DivX videos are supported via transcoding in software on the server side. This means that you'll need a bit of horsepower to accomplish the conversion. Hauppauge recommends at least a 1.8 GHz CPU for the server.
Hauppauge advertises that up to 12 MediaMVP devices can be used on the same LAN talking to the same server, but only device at a time can play transcoded video. So if you want to have a houseful of MediaMVPs, you'll have to settle for MPEG1 or MPEG2 video.
Playing video consists of navigating through the directories previously identified on your PC to find the desired movie. Figure 5 shows the basic navigation screen.
Figure 5: Video Selection Screen
My tests showed that both MPEG1 and standard-definition MPEG2 videos worked well. But I was not able to play a VOB file even though VOB files contain mostly MPEG2 data. I was able to play a number of my standard-definition DivX videos without problem, but when I attempted to play a high-def DivX video, I received an error message that said: "Data server CPU not fast enough for transcoding media."
Attempting to play an unsupported video format would give a cryptic error of: "Failed to Connect AVI Source to Splitter." I suspect that error might cause a bit of head-scratching in some households. Fast-forward and reverse modes were available when watching videos, but the overall effect was a bit slow and ragged.

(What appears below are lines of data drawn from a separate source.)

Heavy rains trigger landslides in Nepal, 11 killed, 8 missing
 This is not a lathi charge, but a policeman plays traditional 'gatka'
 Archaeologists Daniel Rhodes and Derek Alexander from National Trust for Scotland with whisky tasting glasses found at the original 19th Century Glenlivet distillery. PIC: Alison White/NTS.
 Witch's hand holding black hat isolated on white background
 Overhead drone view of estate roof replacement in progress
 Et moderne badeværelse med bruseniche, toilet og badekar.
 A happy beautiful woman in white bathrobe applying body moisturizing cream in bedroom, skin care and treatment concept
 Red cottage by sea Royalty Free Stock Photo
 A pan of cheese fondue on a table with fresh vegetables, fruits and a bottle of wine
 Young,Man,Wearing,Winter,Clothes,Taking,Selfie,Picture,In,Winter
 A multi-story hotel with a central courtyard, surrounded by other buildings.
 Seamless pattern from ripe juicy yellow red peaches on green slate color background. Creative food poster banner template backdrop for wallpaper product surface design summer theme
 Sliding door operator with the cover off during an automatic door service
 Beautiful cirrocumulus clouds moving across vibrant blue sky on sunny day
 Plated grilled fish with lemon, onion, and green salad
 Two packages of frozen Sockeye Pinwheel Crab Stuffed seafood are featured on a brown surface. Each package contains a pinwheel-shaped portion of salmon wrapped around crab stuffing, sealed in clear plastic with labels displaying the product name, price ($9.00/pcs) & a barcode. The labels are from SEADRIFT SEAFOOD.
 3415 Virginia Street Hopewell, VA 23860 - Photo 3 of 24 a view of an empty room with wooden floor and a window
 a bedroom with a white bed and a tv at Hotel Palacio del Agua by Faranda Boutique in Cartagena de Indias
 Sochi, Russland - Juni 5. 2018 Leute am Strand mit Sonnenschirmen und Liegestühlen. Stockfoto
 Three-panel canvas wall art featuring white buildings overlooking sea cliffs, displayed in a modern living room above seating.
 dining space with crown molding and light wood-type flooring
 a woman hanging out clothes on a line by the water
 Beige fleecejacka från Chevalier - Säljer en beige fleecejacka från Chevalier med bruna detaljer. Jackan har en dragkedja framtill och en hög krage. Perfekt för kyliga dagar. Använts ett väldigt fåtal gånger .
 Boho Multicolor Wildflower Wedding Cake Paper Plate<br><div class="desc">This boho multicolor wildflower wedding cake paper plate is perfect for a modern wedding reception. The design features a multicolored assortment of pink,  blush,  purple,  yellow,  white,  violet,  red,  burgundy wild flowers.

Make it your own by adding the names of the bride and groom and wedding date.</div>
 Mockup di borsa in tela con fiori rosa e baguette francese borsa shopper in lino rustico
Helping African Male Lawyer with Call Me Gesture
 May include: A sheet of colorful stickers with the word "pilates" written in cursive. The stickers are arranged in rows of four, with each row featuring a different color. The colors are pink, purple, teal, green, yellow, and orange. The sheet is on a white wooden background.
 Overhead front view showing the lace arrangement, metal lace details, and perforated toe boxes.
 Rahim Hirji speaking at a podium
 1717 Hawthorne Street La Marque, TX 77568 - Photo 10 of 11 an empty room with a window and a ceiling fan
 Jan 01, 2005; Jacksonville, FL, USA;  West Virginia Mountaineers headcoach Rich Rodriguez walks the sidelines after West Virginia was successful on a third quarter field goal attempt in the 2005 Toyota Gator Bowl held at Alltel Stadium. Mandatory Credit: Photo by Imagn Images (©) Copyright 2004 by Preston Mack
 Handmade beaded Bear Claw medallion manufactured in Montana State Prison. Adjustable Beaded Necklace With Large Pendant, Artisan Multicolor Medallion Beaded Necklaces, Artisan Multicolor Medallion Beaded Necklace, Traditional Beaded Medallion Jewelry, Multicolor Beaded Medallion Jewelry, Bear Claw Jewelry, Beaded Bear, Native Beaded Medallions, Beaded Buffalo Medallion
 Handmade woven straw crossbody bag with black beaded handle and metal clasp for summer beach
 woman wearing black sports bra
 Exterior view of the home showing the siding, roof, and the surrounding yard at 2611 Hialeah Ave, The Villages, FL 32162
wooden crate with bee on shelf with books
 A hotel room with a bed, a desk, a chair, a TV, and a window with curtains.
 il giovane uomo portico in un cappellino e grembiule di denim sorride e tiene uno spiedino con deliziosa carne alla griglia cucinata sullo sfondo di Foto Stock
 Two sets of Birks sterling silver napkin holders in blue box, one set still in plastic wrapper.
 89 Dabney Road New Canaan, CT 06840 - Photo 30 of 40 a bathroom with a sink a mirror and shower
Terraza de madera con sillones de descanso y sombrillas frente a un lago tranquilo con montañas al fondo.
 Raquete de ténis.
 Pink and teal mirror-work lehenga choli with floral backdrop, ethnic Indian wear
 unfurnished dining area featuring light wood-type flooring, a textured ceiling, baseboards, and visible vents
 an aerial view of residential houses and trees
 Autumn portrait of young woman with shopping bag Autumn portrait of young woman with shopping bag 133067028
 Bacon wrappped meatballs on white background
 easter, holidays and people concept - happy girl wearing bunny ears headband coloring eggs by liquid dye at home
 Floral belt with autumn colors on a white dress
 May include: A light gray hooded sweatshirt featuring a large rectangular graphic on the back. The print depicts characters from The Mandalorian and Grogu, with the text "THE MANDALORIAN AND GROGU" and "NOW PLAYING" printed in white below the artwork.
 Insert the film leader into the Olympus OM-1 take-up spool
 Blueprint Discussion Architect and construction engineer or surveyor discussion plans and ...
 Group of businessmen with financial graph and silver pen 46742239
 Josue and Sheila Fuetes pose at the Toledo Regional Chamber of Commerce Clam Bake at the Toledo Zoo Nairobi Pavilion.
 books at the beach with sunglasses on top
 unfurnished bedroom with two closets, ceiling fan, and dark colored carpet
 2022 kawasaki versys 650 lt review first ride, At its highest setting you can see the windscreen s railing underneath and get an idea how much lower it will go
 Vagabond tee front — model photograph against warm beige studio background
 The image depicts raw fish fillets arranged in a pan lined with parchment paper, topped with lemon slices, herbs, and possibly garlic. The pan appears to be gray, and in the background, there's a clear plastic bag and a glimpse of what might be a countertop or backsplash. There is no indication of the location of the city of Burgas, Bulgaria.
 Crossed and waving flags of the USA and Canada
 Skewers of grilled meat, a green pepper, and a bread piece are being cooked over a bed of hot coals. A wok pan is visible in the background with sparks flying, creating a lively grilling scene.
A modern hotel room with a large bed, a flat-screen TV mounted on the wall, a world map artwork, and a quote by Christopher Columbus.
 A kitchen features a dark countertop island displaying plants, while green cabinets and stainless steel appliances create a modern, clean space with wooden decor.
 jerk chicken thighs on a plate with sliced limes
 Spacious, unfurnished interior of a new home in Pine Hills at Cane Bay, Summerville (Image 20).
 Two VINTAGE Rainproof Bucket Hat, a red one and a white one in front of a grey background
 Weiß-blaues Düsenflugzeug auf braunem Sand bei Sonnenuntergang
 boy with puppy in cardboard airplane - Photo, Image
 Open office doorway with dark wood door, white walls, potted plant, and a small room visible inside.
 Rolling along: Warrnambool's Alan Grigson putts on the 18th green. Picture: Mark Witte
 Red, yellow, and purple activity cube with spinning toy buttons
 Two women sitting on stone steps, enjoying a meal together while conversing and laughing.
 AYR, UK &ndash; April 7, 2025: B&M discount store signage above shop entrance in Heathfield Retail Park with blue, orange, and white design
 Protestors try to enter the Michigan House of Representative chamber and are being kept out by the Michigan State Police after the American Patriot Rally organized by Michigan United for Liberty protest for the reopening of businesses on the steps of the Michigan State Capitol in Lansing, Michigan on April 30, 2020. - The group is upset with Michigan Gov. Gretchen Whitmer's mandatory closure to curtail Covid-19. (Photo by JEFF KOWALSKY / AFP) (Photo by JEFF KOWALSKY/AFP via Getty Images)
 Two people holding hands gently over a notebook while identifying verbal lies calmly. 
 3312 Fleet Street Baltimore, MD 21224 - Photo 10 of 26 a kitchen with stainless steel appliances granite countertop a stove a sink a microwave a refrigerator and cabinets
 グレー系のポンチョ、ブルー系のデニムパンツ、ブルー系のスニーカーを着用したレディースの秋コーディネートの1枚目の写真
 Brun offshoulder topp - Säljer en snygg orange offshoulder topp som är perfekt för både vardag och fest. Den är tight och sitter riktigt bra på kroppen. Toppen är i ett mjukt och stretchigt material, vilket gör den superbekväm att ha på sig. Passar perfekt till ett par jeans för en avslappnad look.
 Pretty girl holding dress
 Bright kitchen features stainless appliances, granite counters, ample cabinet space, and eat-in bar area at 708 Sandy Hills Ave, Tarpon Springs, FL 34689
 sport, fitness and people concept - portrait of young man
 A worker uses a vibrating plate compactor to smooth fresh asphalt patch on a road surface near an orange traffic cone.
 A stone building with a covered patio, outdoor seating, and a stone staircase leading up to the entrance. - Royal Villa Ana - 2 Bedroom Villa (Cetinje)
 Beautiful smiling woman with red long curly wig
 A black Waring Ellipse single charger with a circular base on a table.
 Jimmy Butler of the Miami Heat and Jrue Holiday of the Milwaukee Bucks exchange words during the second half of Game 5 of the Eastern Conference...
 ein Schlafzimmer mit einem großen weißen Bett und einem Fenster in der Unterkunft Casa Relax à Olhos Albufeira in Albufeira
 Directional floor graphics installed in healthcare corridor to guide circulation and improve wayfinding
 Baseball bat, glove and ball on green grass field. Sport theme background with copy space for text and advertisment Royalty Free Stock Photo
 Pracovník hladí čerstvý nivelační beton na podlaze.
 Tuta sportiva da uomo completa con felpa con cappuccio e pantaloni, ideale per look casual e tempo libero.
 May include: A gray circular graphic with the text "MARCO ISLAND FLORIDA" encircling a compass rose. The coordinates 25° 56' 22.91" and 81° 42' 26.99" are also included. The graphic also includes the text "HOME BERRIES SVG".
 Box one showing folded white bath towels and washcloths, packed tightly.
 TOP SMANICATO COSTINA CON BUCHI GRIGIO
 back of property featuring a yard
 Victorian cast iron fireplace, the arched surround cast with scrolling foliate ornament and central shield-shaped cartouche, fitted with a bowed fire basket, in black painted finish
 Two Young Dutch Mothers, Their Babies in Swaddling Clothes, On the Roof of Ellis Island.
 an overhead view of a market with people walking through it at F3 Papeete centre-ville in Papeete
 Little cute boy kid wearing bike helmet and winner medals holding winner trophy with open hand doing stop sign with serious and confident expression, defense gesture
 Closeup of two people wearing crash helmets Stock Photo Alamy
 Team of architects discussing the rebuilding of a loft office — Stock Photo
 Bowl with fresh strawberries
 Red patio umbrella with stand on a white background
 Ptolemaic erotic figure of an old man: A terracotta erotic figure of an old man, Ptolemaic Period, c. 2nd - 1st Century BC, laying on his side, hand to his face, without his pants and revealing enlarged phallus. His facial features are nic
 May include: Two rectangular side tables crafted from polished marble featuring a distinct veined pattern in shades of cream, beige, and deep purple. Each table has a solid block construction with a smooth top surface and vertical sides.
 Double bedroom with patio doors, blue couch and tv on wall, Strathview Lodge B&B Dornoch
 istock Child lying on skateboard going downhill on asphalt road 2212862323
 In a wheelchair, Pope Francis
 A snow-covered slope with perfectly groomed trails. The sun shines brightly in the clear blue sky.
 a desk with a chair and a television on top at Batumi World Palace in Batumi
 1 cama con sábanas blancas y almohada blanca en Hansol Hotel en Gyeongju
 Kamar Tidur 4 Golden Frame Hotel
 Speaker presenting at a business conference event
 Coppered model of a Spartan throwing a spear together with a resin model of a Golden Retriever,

And to top if off, Hauppauge documents that loss of audio/video sync may occur after using fast-forward and reverse.
Each time a video started up, the banner shown in Figure 6 would display for several seconds. With short videos it became annoying, so I would have preferred to have an option to not bring it up, but I couldn't find one.
Figure 6: Annoying banner in video playback
I ran into another annoyance when navigating through the menus with the remote. The basic remote functions (Figure 7) worked well enough but Hauppauge defined a special key for exiting menus.
Figure 7: MediaMVP Remote (click to enlarge)
I can't tell you how many times I hit the "back" arrow instead of this special key to leave a sub-directory, only to get an "Undefined" error as shown Figure 8. Note that the remote is not back-lit, so if you're used to watching your videos in a darkened room, you might have a bit of trouble.
Figure 8: Undefined Key Error
One nice feature was a resume/restart pop-up menu that appeared whenever I started to play a video that I had previously started but hadn't finished. This is a feature I wished some of the other boxes I've used had. It's nice to be able to stop a long movie and then return to it later without having to fast-forward to where I left off.